(Dataset entries):
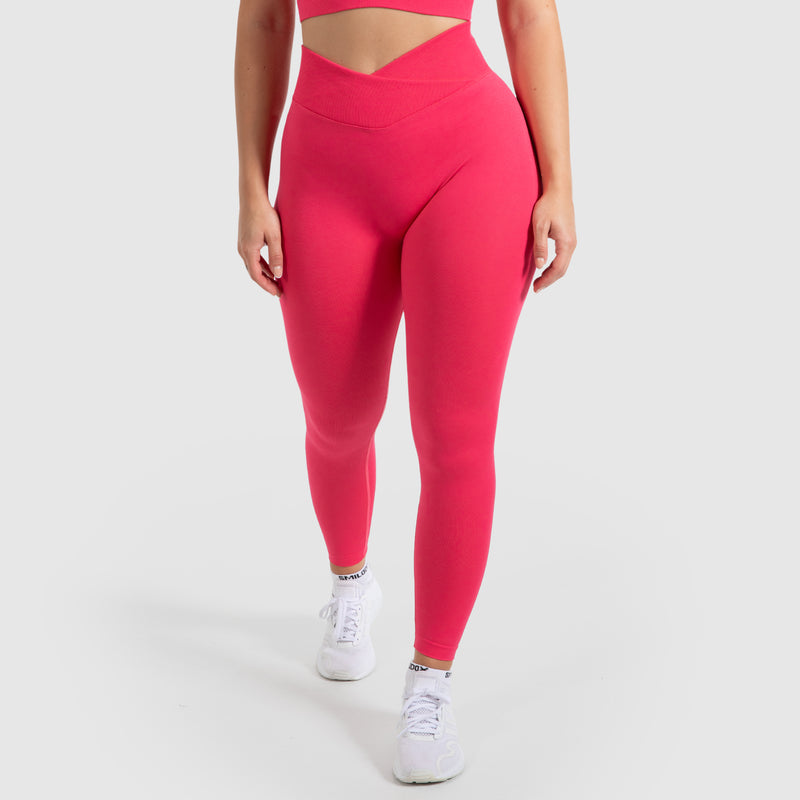 Leggings Silvia Scrunch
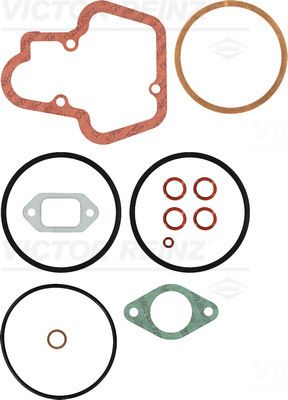 Gasket Kit, cylinder head VICTOR REINZ 03-12755-04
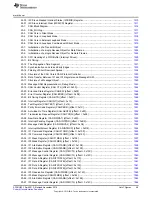 Preview for 49 page of Texas Instruments Concerto F28M35 Series Technical Reference Manual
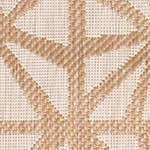 tonga tile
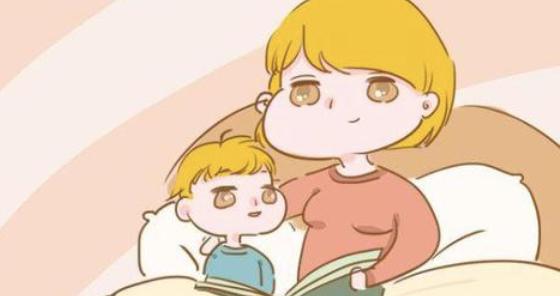 「孩子」睡多久，孩子才会更聪明！最新睡眠时间表出炉：何时睡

(TASK STATEMENT): Every line from the one holding "Preview for 49" through the end of the records above must be reproduced verbatim, pictures excepted.

(OUTPUT BELOW):
 Preview for 49 page of Texas Instruments Concerto F28M35 Series Technical Reference Manual
 tonga tile
 「孩子」睡多久，孩子才会更聪明！最新睡眠时间表出炉：何时睡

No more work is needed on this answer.